In campus clustering, nodes or groups of nodes are located in separate rooms, sometimes several kilometers apart. In addition to providing the usual benefits of using a Sun cluster, correctly designed campus clusters can generally survive the loss of any single room and continue to provide their services.
This chapter introduces the basic concepts of campus clustering and provides some configuration and setup examples. The following topics are covered:
This chapter does not explain clustering, provide information about clustering administration, or furnish details about hardware installation and configuration. For conceptual and administrative information, see your Sun Cluster concepts documentation and your Sun Cluster system administration documentation, respectively.
When designing your campus cluster, all of the requirements for a standard cluster still apply. Plan your cluster to eliminate any single point of failure in nodes, cluster interconnect, data storage, and public network. Just as in the standard cluster, a campus cluster requires redundant connections and switches. Disk multipathing helps ensure that each node can access each shared storage device. These concerns are universal for Sun Cluster.
After you have a valid cluster plan, follow the requirements in this section to ensure a correct campus cluster. To achieve maximum benefits from your campus cluster, consider implementing the Guidelines for Designing a Campus Cluster.
This chapter describes ways to design your campus cluster using fully tested and supported hardware components and transport technologies. You can also design your campus cluster according to Sun Cluster's specification, regardless of the components used.
To build a specifications-based campus cluster, contact your Sun representative, who will assist you with the design and implementation of your specific configuration. This process ensures that the configuration that you implement complies with the specification guidelines, is interoperable, and is supportable.
Your campus cluster must observe all requirements and limitations of the technologies that you choose to use. Determining Campus Cluster Connection Technologies provides a list of tested technologies and their known limitations.
When planning your cluster interconnect, remember that campus clustering requires redundant network connections.
A campus cluster must include at least two rooms using two independent SANs to connect to the shared storage. See Figure 7–1 for an illustration of this configuration.
If you are using Oracle Real Application Clusters (RAC), all nodes that support Oracle RAC must be fully connected to the shared storage devices.
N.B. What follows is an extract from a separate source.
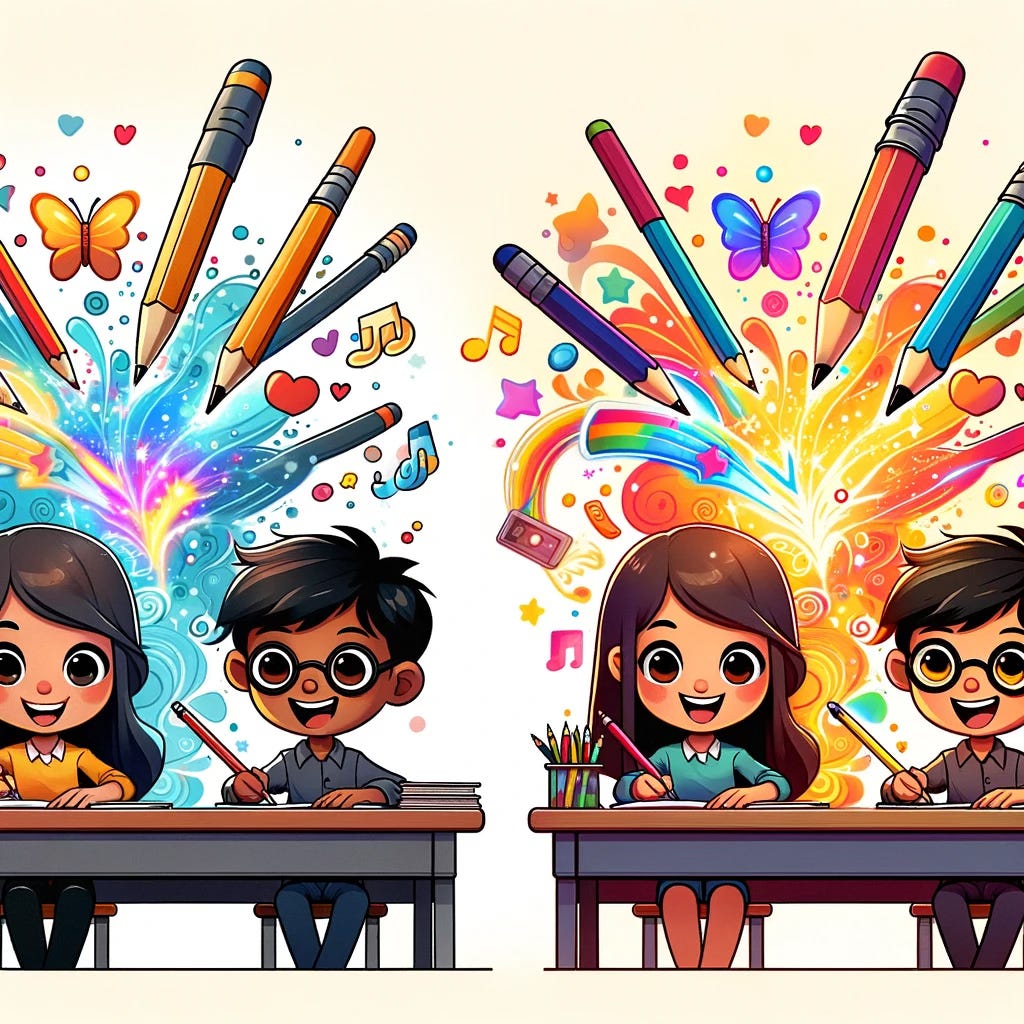 Prompt: Transform the refined concept into a cartoon style, maintaining the scene's simplicity and diversity. In this cartoon version, three students of varied backgrounds are sitting at a desk, engaging in digital art creation with AI. Each student wields a magic pen that releases exaggerated, vibrant sparks of creativity and colorful beams of light, embodying the whimsical and exaggerated features typical of cartoons. The students have cheerful expressions, with smiles that highlight their excitement and joy in the creative process. The background is kept minimalistic to focus on the cartoon characters and their dynamic interaction with the magical technology. This illustration is designed to emphasize the fun and accessibility of learning technology through a playful and inviting art style, making technology learning appealing and engaging for all.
Also, all rooms of a specifications-based campus cluster must be fully connected to the shared storage devices.
See Quorum in Clusters With Four Rooms or More for a description of a campus cluster with both direct and indirect storage connections.
Your campus cluster must use SAN-supported storage devices for shared storage. When planning the cluster, ensure that it adheres to the SAN requirements for all storage connections. See the SAN Solutions documentation site for information about SAN requirements.
Sun Cluster software supports two methods of data replication: host-based replication and storage-based replication. Host-based data replication can mirror a campus cluster's shared data. If one room of the cluster is lost, another room must be able to provide access to the data. Therefore, mirroring between shared disks must always be performed across rooms, rather than within rooms. Both copies of the data should never be located in a single room. Host-based data replication can be a less expensive solution because it uses locally-attached disks and does not require special storage arrays.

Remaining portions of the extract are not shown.